RECORDS PROVIDED:
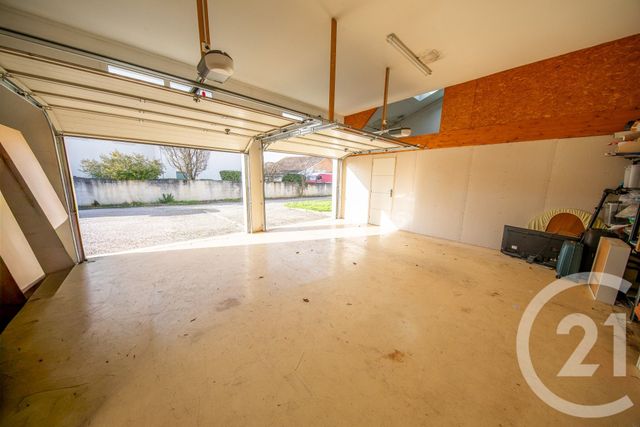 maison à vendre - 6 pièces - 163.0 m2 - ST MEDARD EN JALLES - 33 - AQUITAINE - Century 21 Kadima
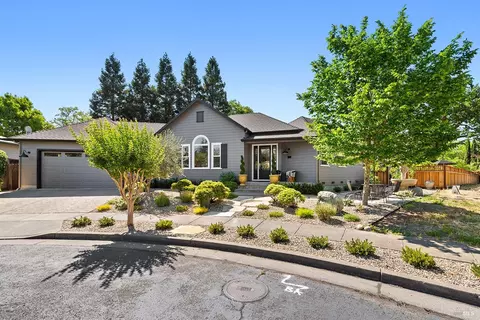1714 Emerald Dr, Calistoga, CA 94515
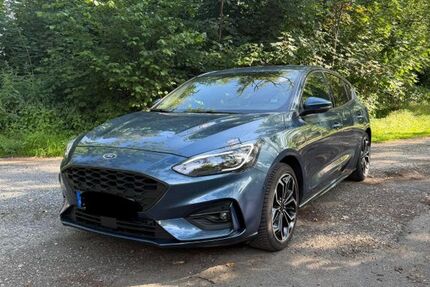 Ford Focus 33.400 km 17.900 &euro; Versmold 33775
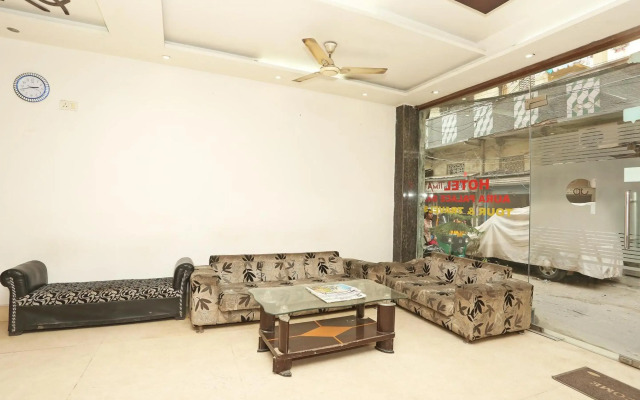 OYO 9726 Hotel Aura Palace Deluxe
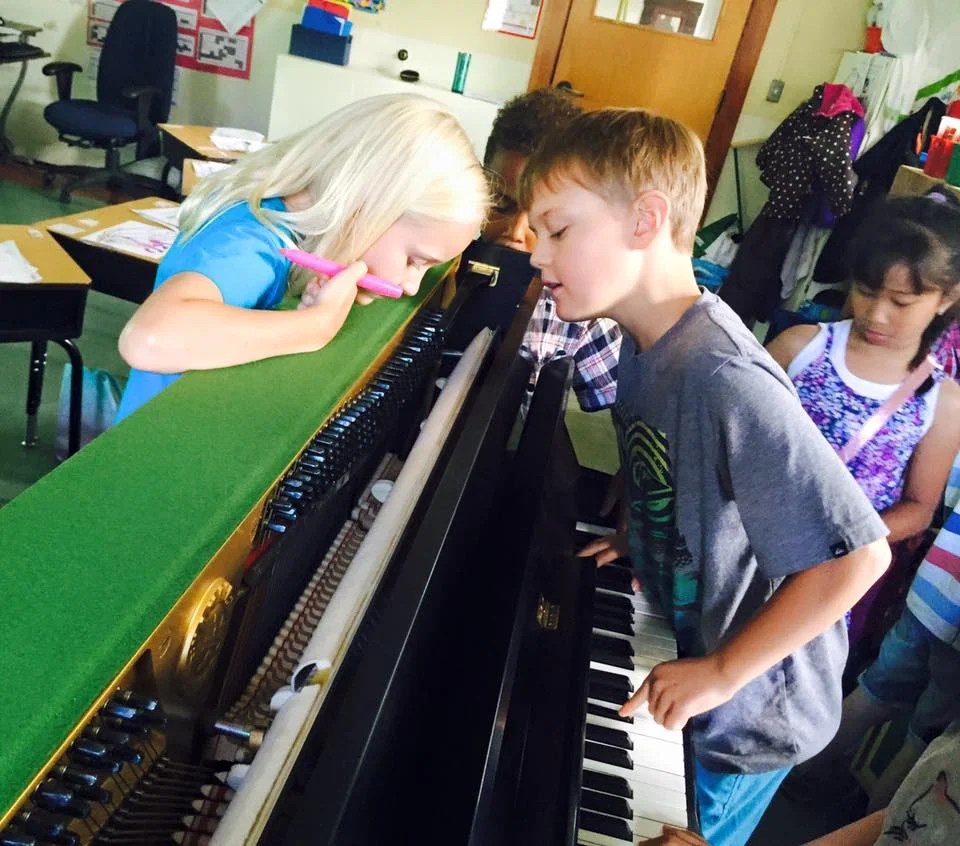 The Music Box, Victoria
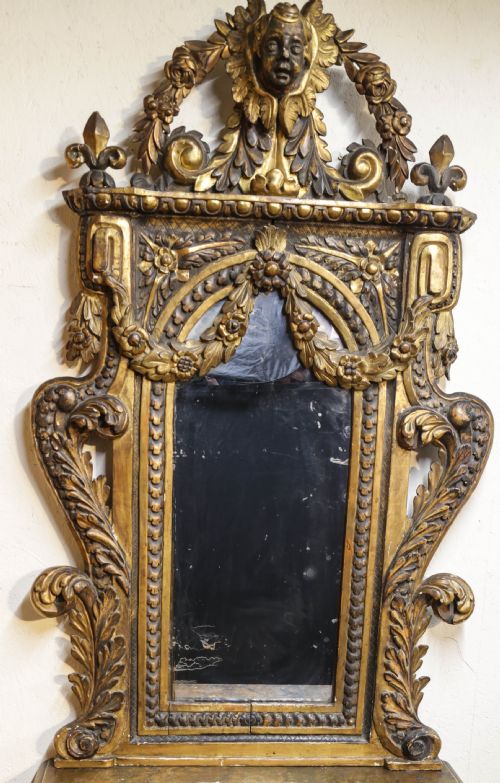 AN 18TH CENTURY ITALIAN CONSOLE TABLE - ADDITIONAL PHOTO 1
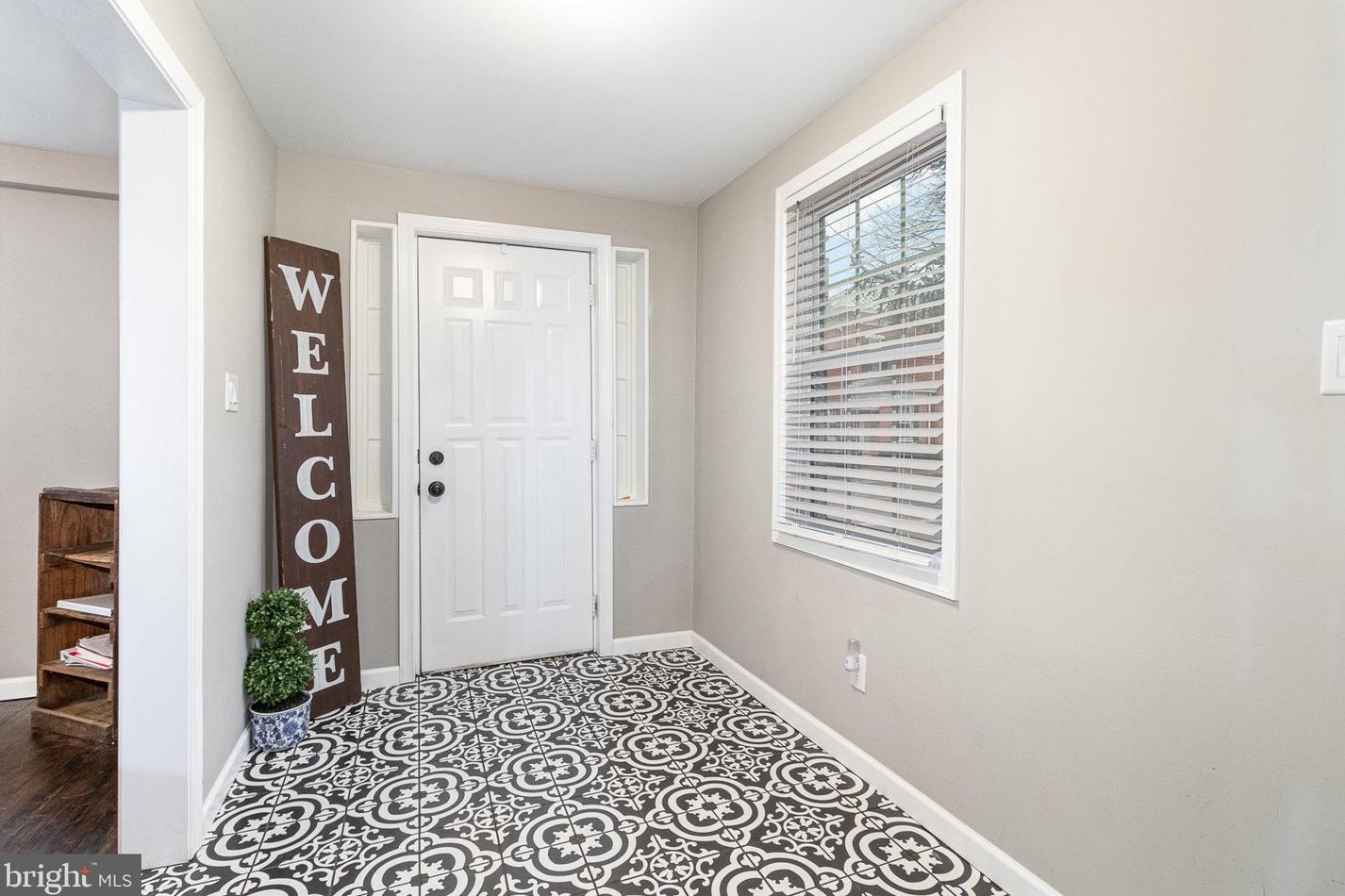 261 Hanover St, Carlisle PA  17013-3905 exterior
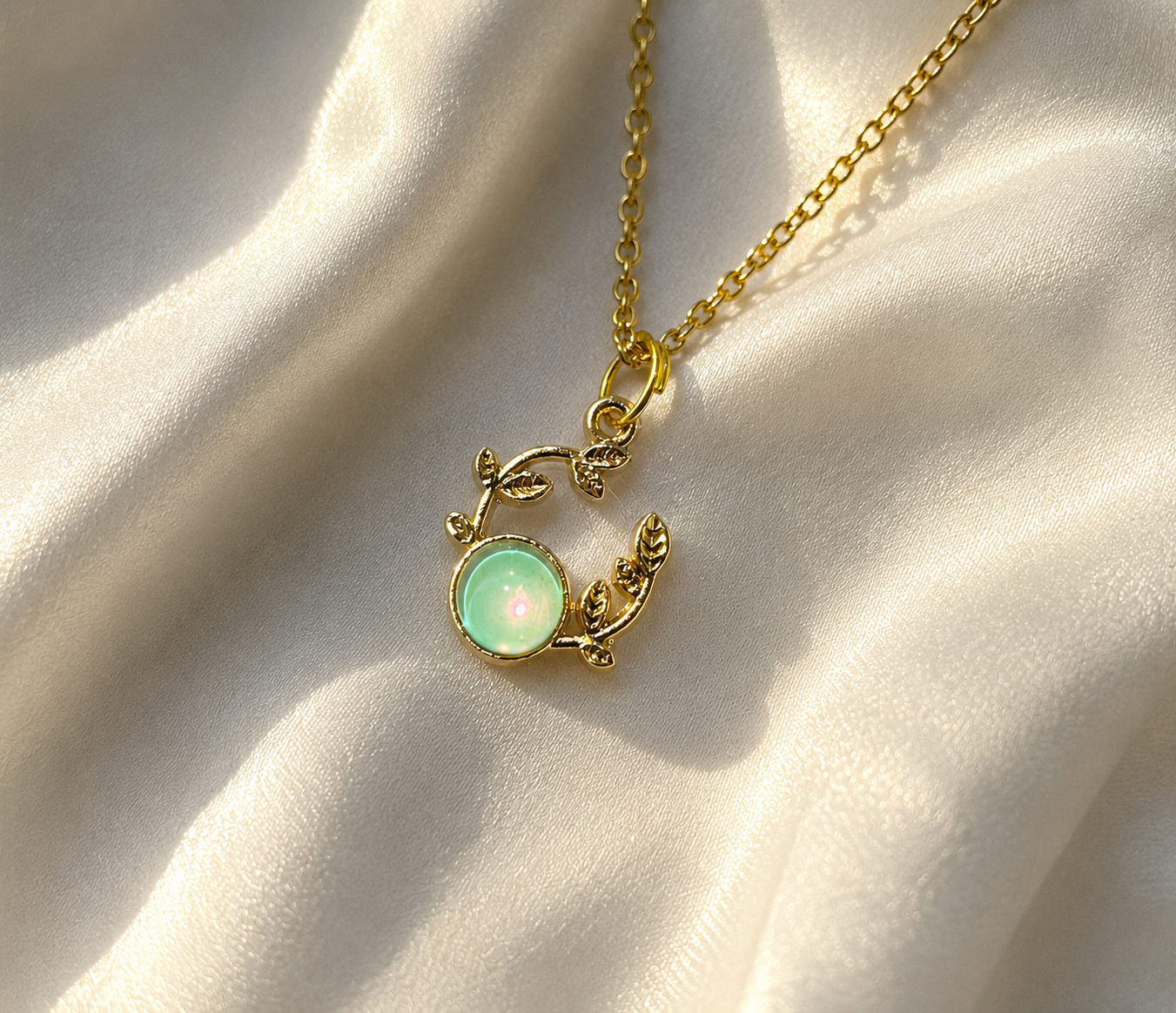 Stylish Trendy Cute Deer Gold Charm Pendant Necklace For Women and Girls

* * *

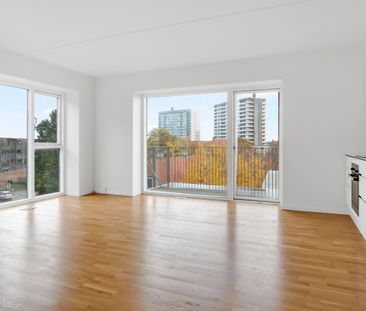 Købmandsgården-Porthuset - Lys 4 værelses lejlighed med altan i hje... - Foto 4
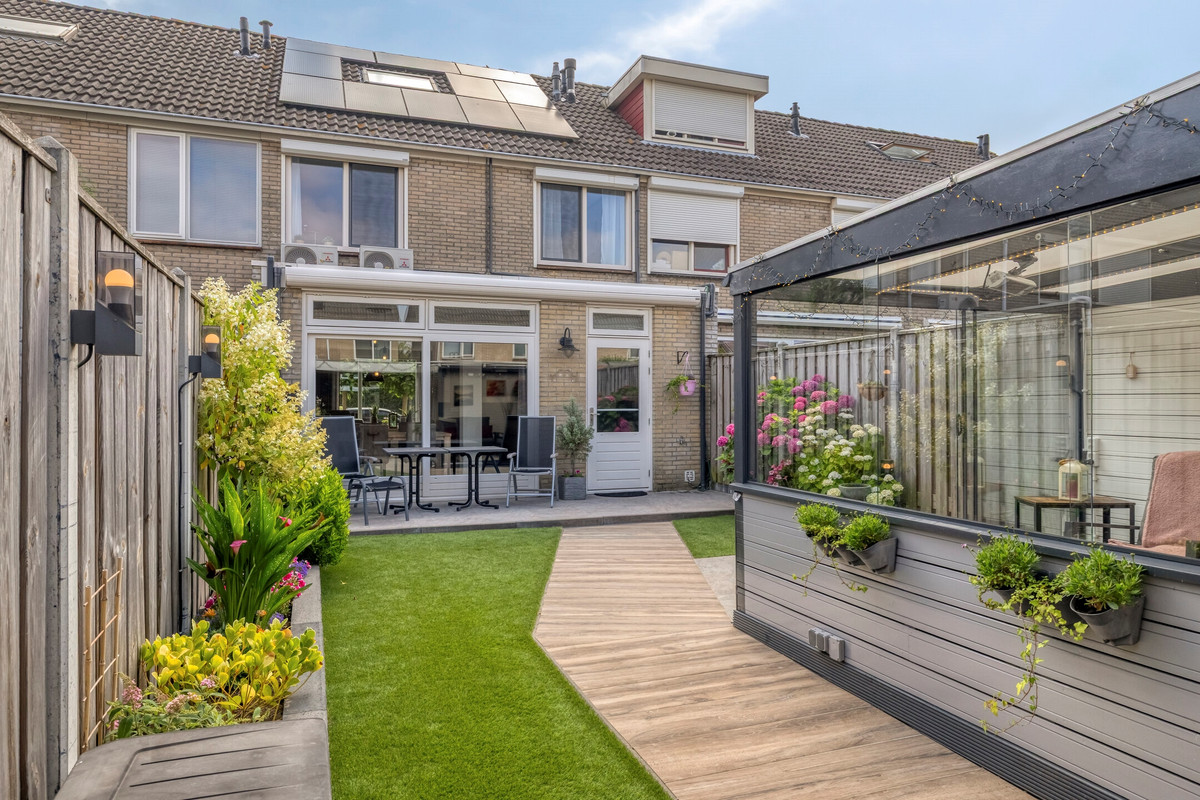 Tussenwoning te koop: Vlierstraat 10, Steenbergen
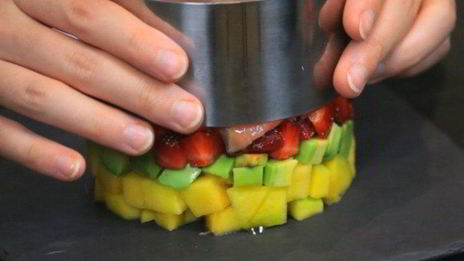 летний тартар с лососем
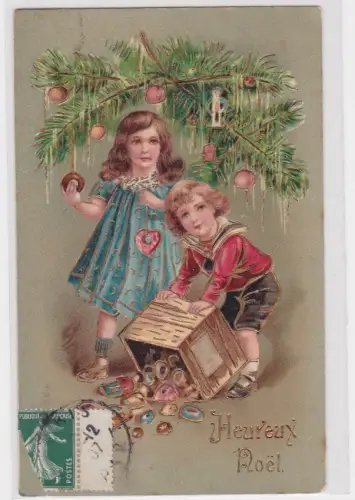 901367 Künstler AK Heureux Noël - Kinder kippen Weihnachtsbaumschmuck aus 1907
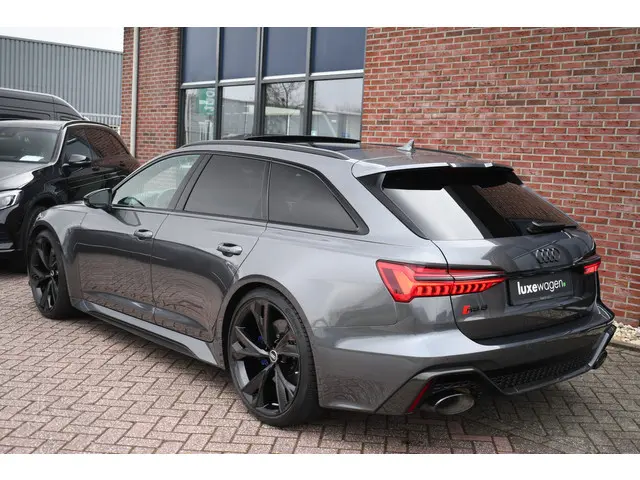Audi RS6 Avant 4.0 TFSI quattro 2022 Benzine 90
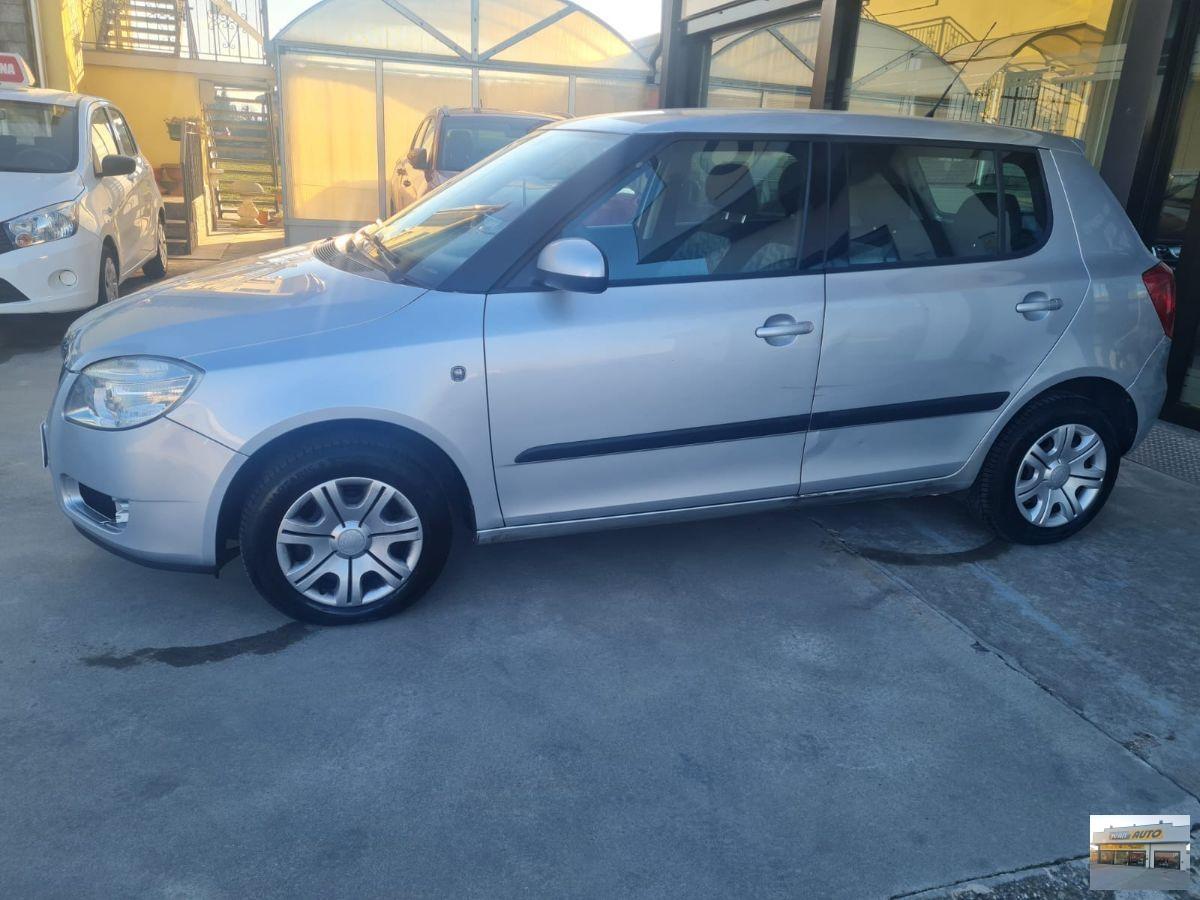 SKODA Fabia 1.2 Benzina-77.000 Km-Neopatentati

* * *

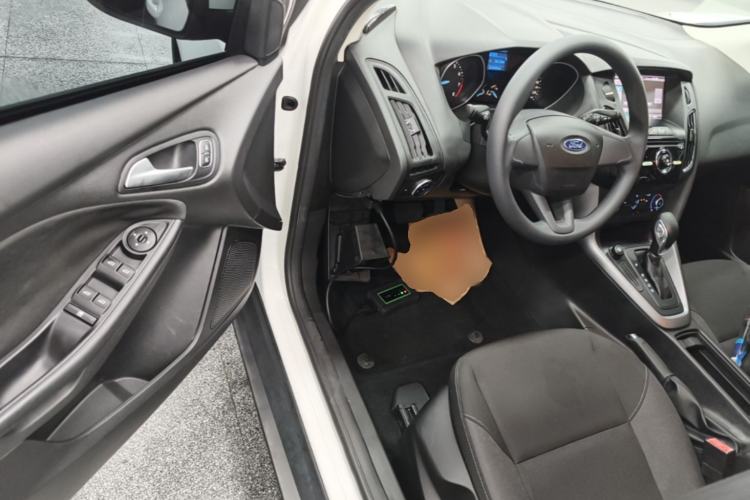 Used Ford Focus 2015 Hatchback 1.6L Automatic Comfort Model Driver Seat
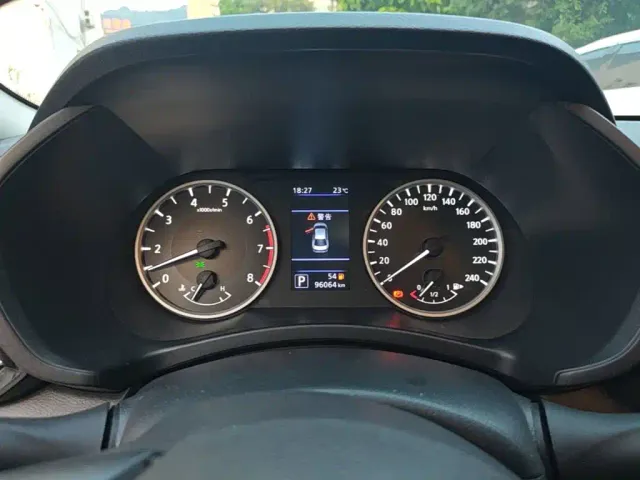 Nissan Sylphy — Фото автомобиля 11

REQUIREMENT:
Look above for the line with "901367 Künstler AK" and the line with "SKODA Fabia 1.2". Copy them and every line between, exactly, but no pictures.

EXPECTED ANSWER:
 901367 Künstler AK Heureux Noël - Kinder kippen Weihnachtsbaumschmuck aus 1907
Audi RS6 Avant 4.0 TFSI quattro 2022 Benzine 90
 SKODA Fabia 1.2 Benzina-77.000 Km-Neopatentati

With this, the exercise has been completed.